*** Opening MATERIAL FOR THIS TASK ***

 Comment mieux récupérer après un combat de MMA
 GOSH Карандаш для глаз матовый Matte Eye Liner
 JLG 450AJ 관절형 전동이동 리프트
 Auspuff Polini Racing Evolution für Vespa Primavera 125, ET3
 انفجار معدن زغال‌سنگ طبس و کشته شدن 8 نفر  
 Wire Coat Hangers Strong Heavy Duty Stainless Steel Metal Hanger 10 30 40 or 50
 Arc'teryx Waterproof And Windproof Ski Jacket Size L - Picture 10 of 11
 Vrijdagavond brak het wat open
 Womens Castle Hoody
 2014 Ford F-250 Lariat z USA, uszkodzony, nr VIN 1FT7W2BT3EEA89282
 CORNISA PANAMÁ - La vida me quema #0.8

*** Closing MATERIAL FOR THIS TASK ***
*** Opening MATERIAL FOR THIS TASK ***

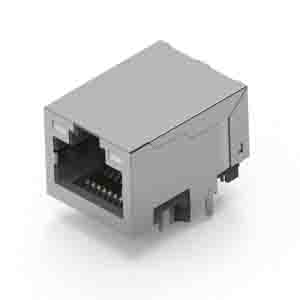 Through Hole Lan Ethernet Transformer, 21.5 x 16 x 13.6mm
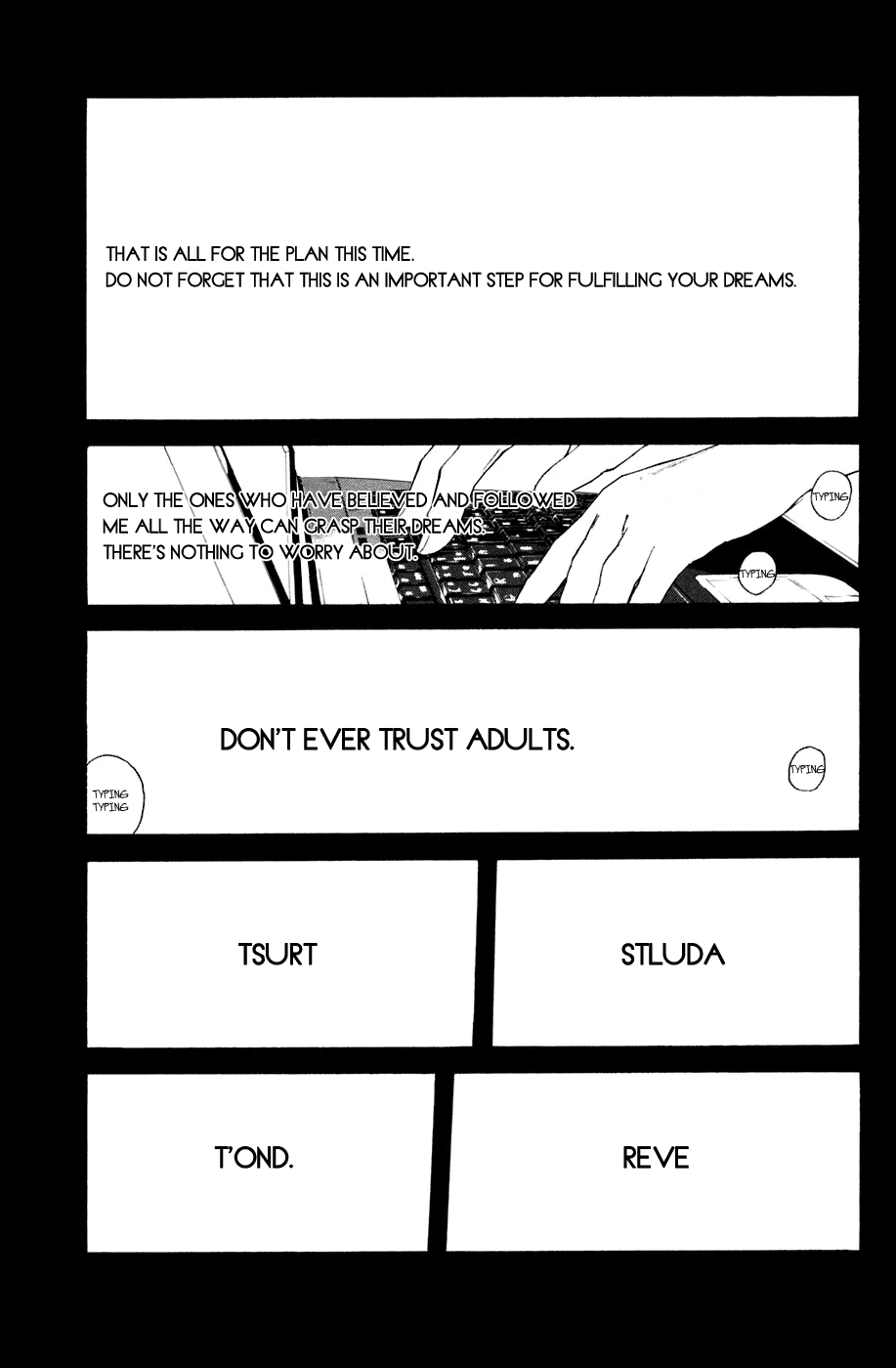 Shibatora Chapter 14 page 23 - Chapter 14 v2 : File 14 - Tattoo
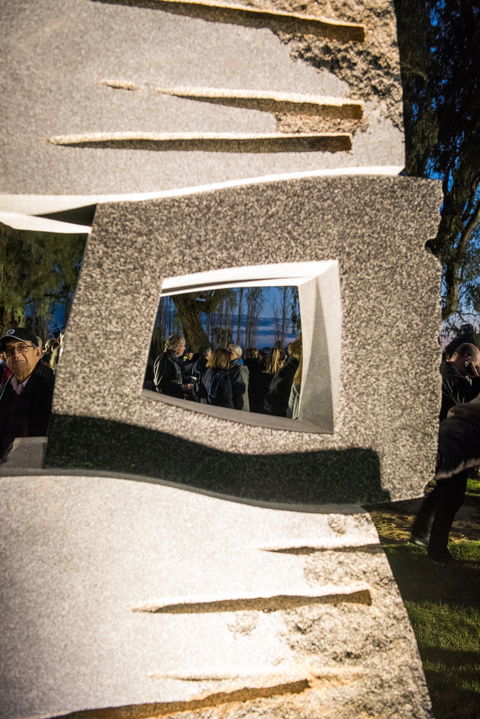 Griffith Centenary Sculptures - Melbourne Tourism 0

*** Closing MATERIAL FOR THIS TASK ***

# [ASSIGNMENT]
The response should be the listing above, limited to the lines between the one holding "JLG 450AJ 관절형 전동이동 리프트" and the one holding "CORNISA PANAMÁ - La vida me quema #0.8", inclusive, reproduced exactly.

# [SOLVED EXERCISE]
 JLG 450AJ 관절형 전동이동 리프트
 Auspuff Polini Racing Evolution für Vespa Primavera 125, ET3
 انفجار معدن زغال‌سنگ طبس و کشته شدن 8 نفر  
 Wire Coat Hangers Strong Heavy Duty Stainless Steel Metal Hanger 10 30 40 or 50
 Arc'teryx Waterproof And Windproof Ski Jacket Size L - Picture 10 of 11
 Vrijdagavond brak het wat open
 Womens Castle Hoody
 2014 Ford F-250 Lariat z USA, uszkodzony, nr VIN 1FT7W2BT3EEA89282
 CORNISA PANAMÁ - La vida me quema #0.8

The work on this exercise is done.